Expensive tack doesn’t make a good horse, says St. John Chrysostom. Likewise, wealth, health, and reputation don’t make a good man. All these things can be taken away, but nothing can take away real virtue.
What is the virtue of a horse? Is it to have a bridle studded with gold and straps to match, and a silk band to fasten the housing, and colorful clothes embroidered with gold thread, and headgear studded with jewels, and hair braided with gold cord? Or is it to be swift and strong in its legs, even in its paces, and to have hooves that fit a well-bred horse, and courage for long journeys and warfare, and to be calm on the battlefield, and to save its rider if there is a rout? Isn’t it obvious that these are the things that make the virtue of the horse, and not the others?
And what kind of vine should we admire? One that’s covered with leaves and branches, or one loaded down with fruit? Or what kind of virtue belongs to an olive tree? Is it to have big branches and lots of leaves, or is it to have an abundance of its own fruit all over the tree?
Well, let’s look at human beings the same way. What is the virtue of a man? Not riches, so that you fear poverty. Not bodily health, so that you are afraid to get sick. Not public opinion, so that you fear a bad reputation. Not life just for its own sake, so that death is terrible to you. Not freedom, so that you avoid servitude.

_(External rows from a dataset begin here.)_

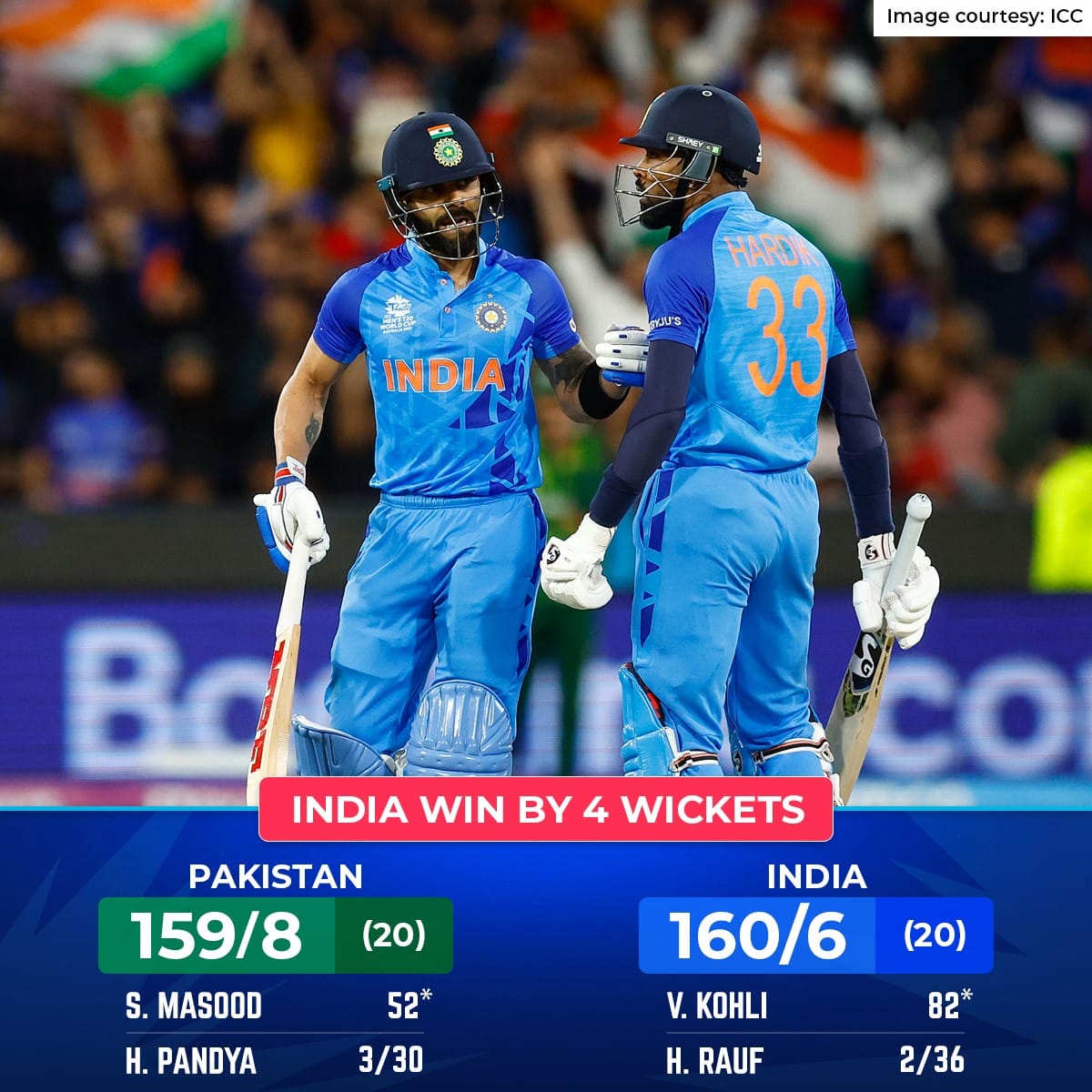 JoshiPralhad's tweet photo. A win to remember for a long time! 

India register a thrilling win against Pakistan in the #T20WC2022 . What a brilliant performance by @imVkohli , @hardikpandya7 and the bowlers! 

Congratulations to team India. 

#T20WorldCup2022 https://t.co/XnJf02qADk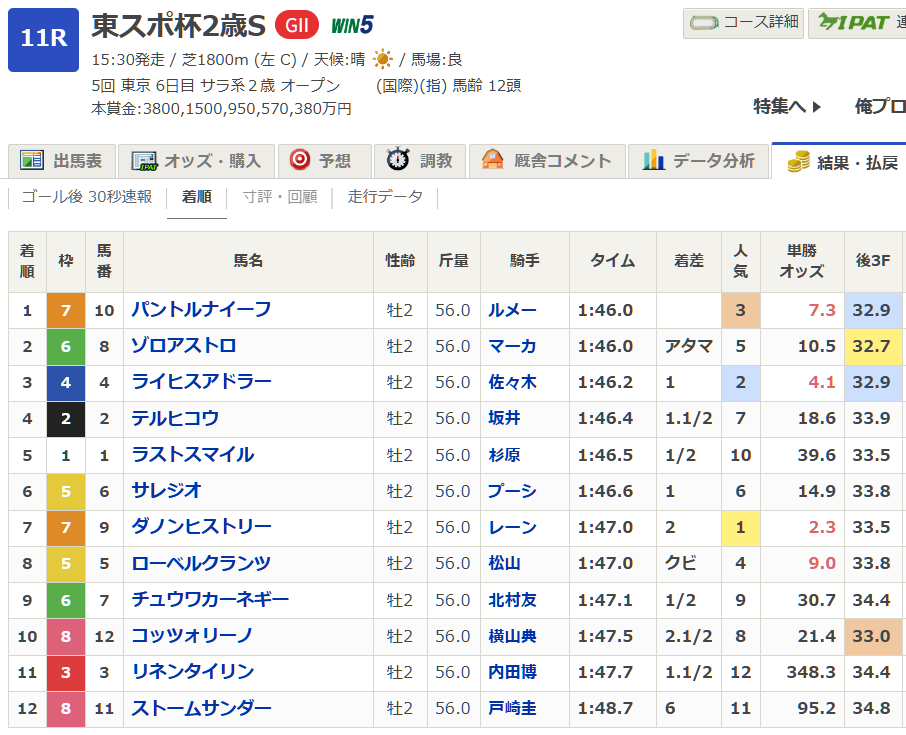 パントルナイーフが勝利！ゾロアストロ惜敗の東スポ杯2歳S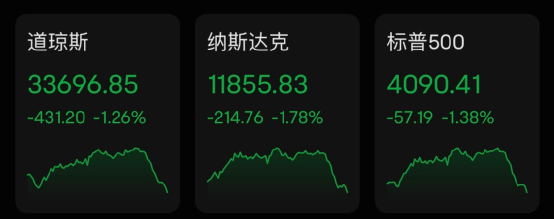 全线杀跌！美股尾盘<strong></p>
<p>美股尾盘</strong>，突发大跳水！
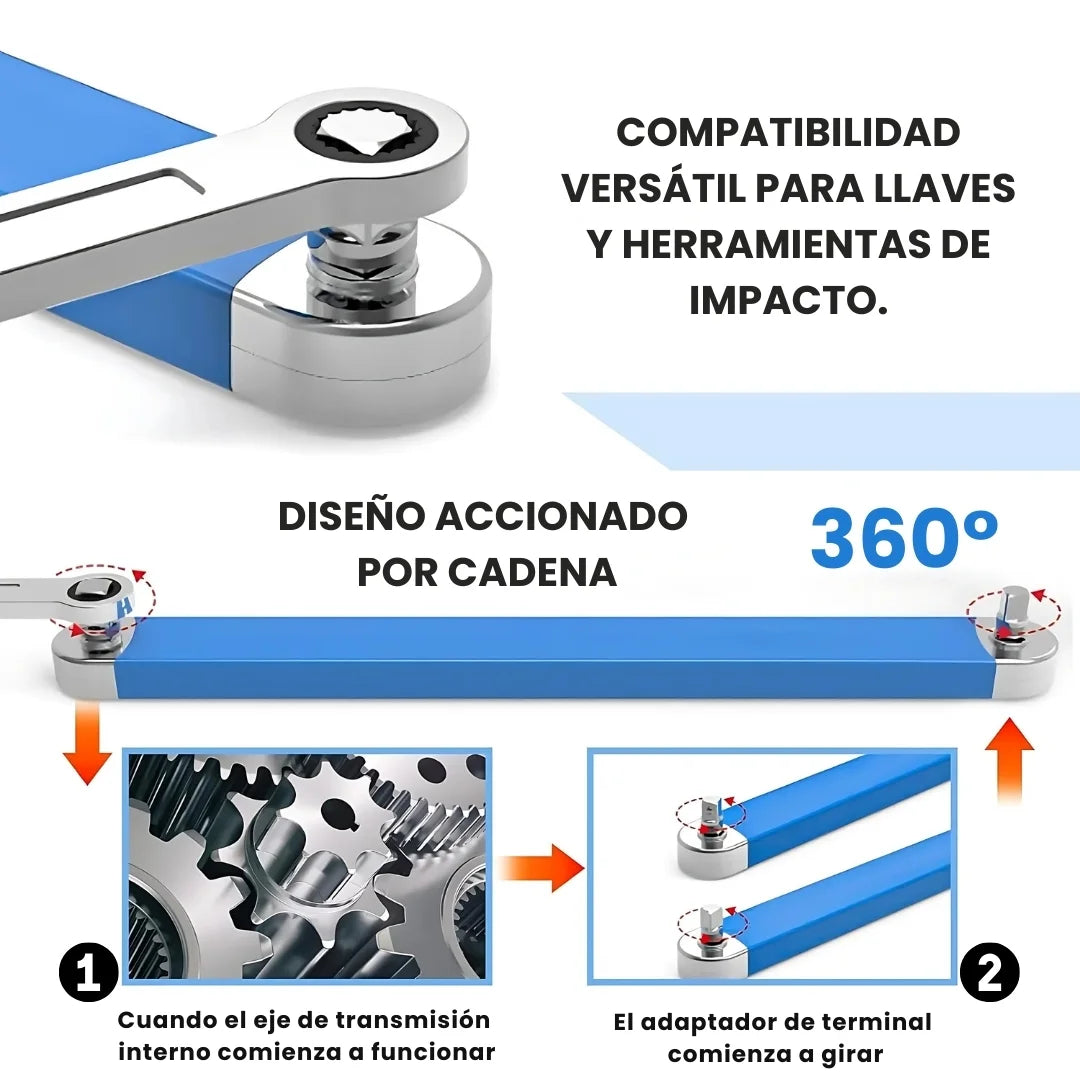 MAXTORQUE® LLAVE EXTENSORA DE TRINQUETE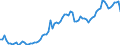 Indicator: Openness at Current Prices for: France
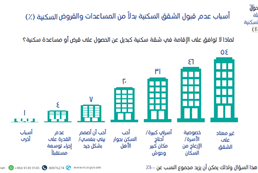 Favorites housing patterns and loan and housing assistance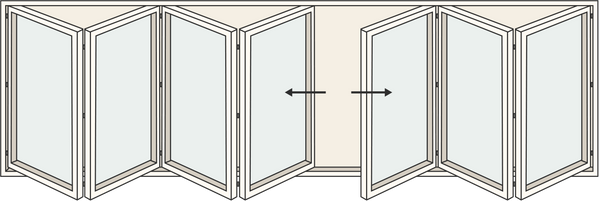 4 + 3 Panels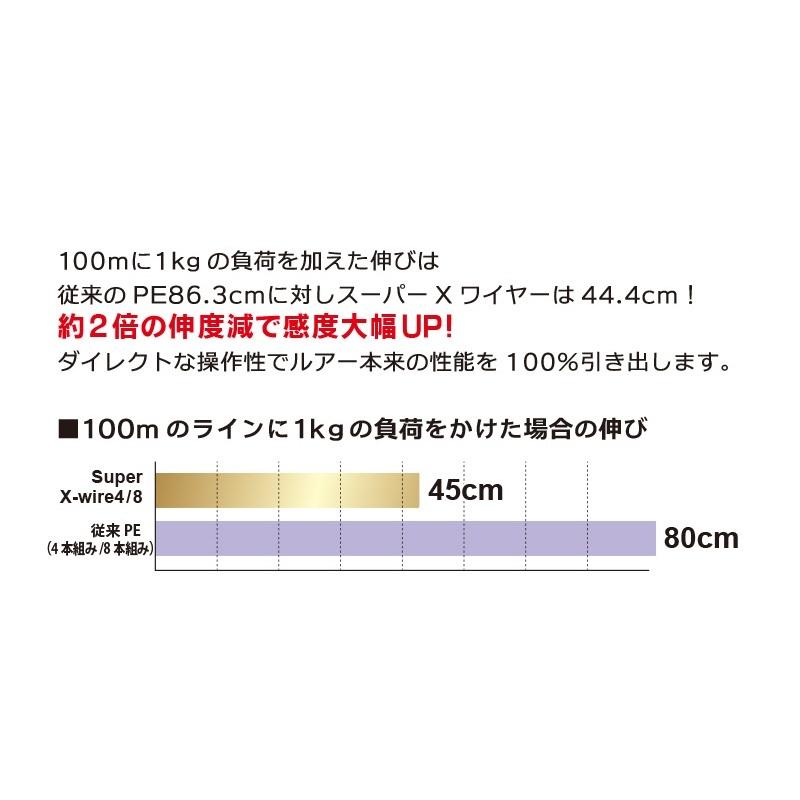 デュエル スーパーエックスワイヤー8 300m 2.5号 イエローマーキング PEライン 8本編み デュエル スーパーエックスワイヤー8 300m 2.5号 イエローマーキング PEライン 8本編み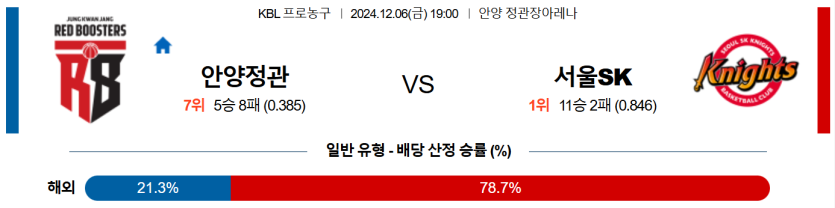 12월 6일 19:00 KBL 안양정관장 서울SK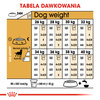 Royal Canin BHN Labrador Retriever Sterilised Adult 12kg Karma Sucha Dla Psów Dorosłych Rasy Labrador Retriever Sterylizowanych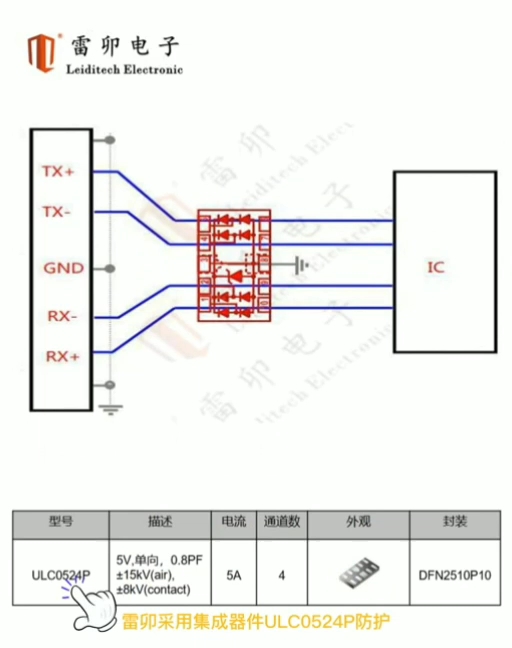 eSATA静电保护方案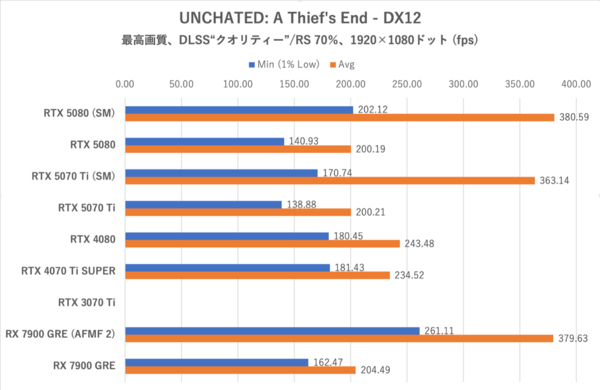Smooth MotionでGeForce RTX 5070 TiはRTX 4080を完全撃破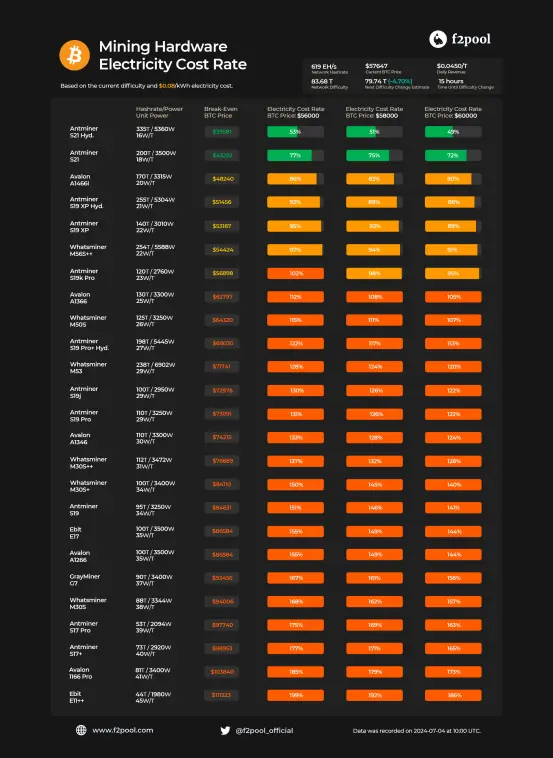 “Sell-off wave” miners' self-rescue, when will the price impact cease?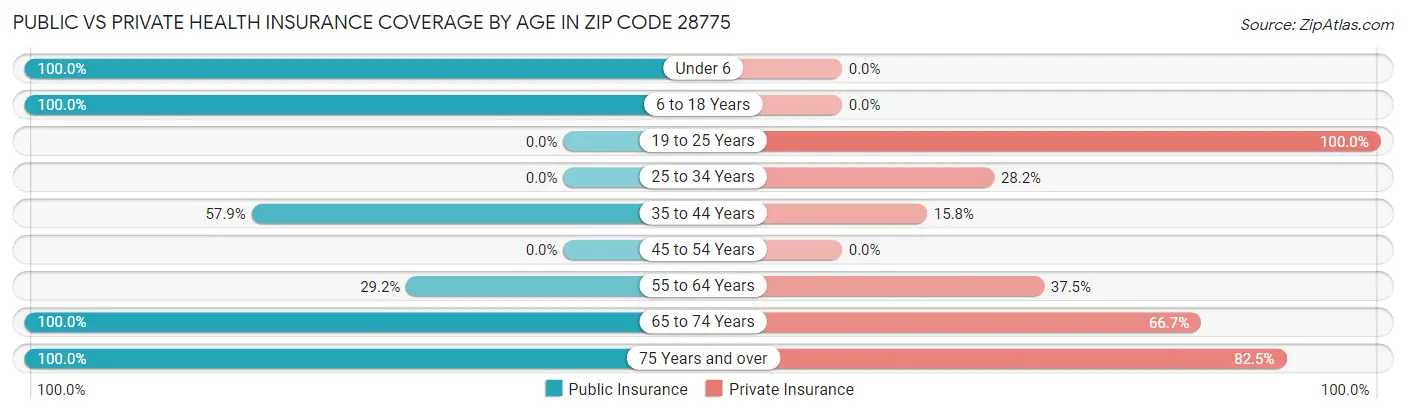 Public vs Private Health Insurance Coverage by Age in Zip Code 28775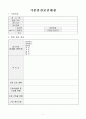 안전보건대장(계획서) 1페이지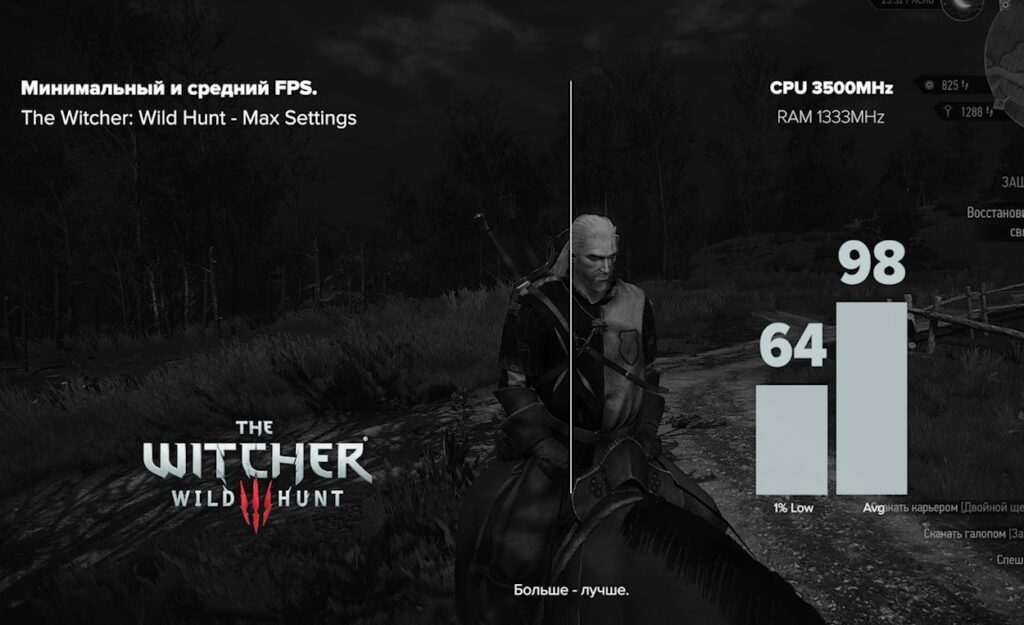 Minimum and average FPS in The Witcher: Wild Hunt (default)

No, the virtue of a man is carefulness in holding true doctrine, and righteous living. Not even the devil himself can take these things away from you if you have them, as long as you take the necessary care to guard them.
–St. John Chrysostom, No One Can Harm the Man Who Does Not Injure Himself, 3
IN GOD’S PRESENCE, CONSIDER . . .
How much of my effort goes into true doctrine and righteous living?
How much goes into riches, health, and what other people think of me?
Lord, I do not desire gold and silver, or precious stones, or gorgeous garments, but I pray only that I may find grace before you, and that you may open when I knock.